SSB 6210 passed in the Washington Senate in February 2020 and in the Washington House of Representatives in early March.

ACA and its members — who manufacture marine coatings, and active ingredient suppliers who sell marine coatings products in the State of Washington — actively supported this course of action.

Throughout the Washington 2019–2020 legislative session, ACA worked closely with DOE, environmental non-profit organizations, and other industry stakeholders to develop a solution on how the state should move forward with potentially restricting the use of copper and other biocides in antifouling paints. Ultimately, all interested parties agreed that further study of the environmental impacts from the use of antifouling paints in the State of Washington was required, and as set out in SSB 6210.

Specifically, the law mandates a DOE-directed scientific study, convening a stakeholder advisory group to review the state of science, fully understand potential alternatives, and examine all environmental impacts from the use of antifouling paints in Washington waters.

ACA looks forward to working with DOE and other interested stakeholders on the development of this new report that will include all available science, environmental modeling, and performance data so that the legislature can eventually make an informed decision that is in the best interests of its constituents.

Background

In 2011, the Washington State Legislature passed RCW 70.300.020 – Restrictions on Sale and Application of Antifouling Paint Containing Copper, to phase out the use of copper-based antifouling paints on recreational boats. A recreational vessel is defined in the law as being no more than 65 feet in length and used primarily for pleasure. The 2011 bill also directed the Washington State Department of Ecology (DOE) to study antifouling paints and report back to the Legislature about its findings in 2017. The first stage of the copper restriction was scheduled to take effect on January 1, 2018.

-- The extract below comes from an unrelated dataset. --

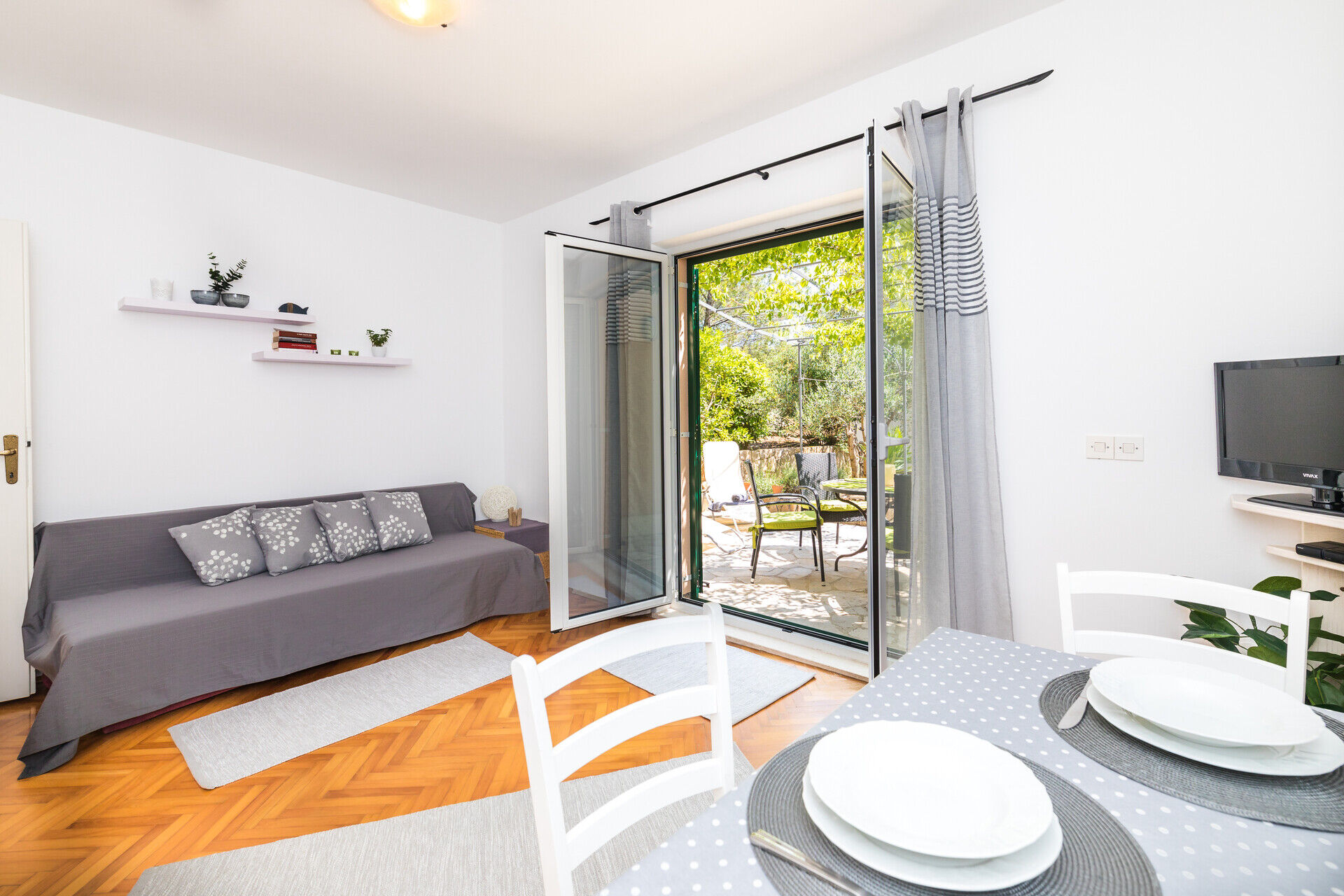Apartments Šerić 39271-A1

DOE’s report to the Legislature was completed in 2017 and found that there is not a proven, superior biocide alternative to copper. Thus, DOE recommended that the Legislature delay the ban on copper-based antifouling paints so it could conduct additional research. In response to Ecology’s 2017 report and recommendations, the Legislature passed Substitute House Bill (SHB) 2634 in 2018, which delayed the ban on copper-based antifouling paints until 2021. SHB 2634 provided DOE with ample time to conduct further research and analysis of antifouling paints and their ingredients, including the relative impacts of copper versus non-copper biocides using models based on Washington State data: Puget Sound marina designs and water quality conditions. SHB 2634 also directed Ecology to report back to the Legislature about their review and recommendations for regulatory changes, if any, in 2019.

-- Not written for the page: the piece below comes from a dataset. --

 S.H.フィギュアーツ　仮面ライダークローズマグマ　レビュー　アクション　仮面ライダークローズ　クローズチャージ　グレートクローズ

Pursuant to the Legislature’s directive in SHB 2634, DOE submitted its report and recommendations in December 2019. The department recommended that the Legislature amend RCW 70.300.020 in the following ways during the 2020 legislative session:

  • Delay the existing statutory ban on copper-based antifouling paints until 2026 to allow for more scientific research and information to be developed;
  • Ban the sale and application of antifouling paints containing Cybutryne/Irgarol for recreational vessels in Washington; and
  • Grant Ecology authority to request information from paint manufacturers regarding ingredients, leach rates, and other relevant data.

Substitute and Final Bill

There were many developments during the 2020 legislative session. Based on its recommendations from the 2019 report, DOE submitted two identical bills for consideration by the Washington State Legislature (Senate Bill 6210 and House Bill 2385). As the legislative session progressed, ACA urged lawmakers to amend the bills by adding a requirement that DOE take further investigative action by completing another study and convening a stakeholder advisory committee to review the state of science, fully understand potential alternatives, and examine environmental tradeoffs and any potential unintended impacts of a ban on the use of copper in antifouling paints for recreational vessels.

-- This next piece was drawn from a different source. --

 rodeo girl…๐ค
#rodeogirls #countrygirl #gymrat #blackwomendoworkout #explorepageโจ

After much discussion between ACA, industry coalition partners, DOE and environmental group, all parties agreed that the following be included in a substitute bill (SSB 6210):

  • Direct DOE to conduct a review with stakeholder engagement and submit a report to the Legislature by June 30, 2024, on information about antifouling paints and ingredients; the feasibility of best management practices and nonbiocidal antifouling alternatives; and any additional relevant scientific or technical information;
  • Make the 2026 ban on copper-based antifouling paints contingent on a determination by Ecology that safer and effective alternatives to copper-based antifouling paints are feasible, reasonable, and readily available;
  • Require Ecology to conduct a second review and report by June 30, 2029, of relevant studies and information on alternatives to copper-based antifouling paints, if Ecology does not determine by June 30, 2024 that safer and effective alternatives to copper-based antifouling paints are feasible, reasonable, and readily available;
  • Ban the sale and application of antifouling paints containing Cybutryne/Irgarol for recreational vessels in Washington; and
  • Grant Ecology authority to request information from paint manufacturers regarding ingredients, leach rates, and other relevant data.

ACA and its Marine Coatings Council will continue to work with Washington DOE on antifouling marine coating matters.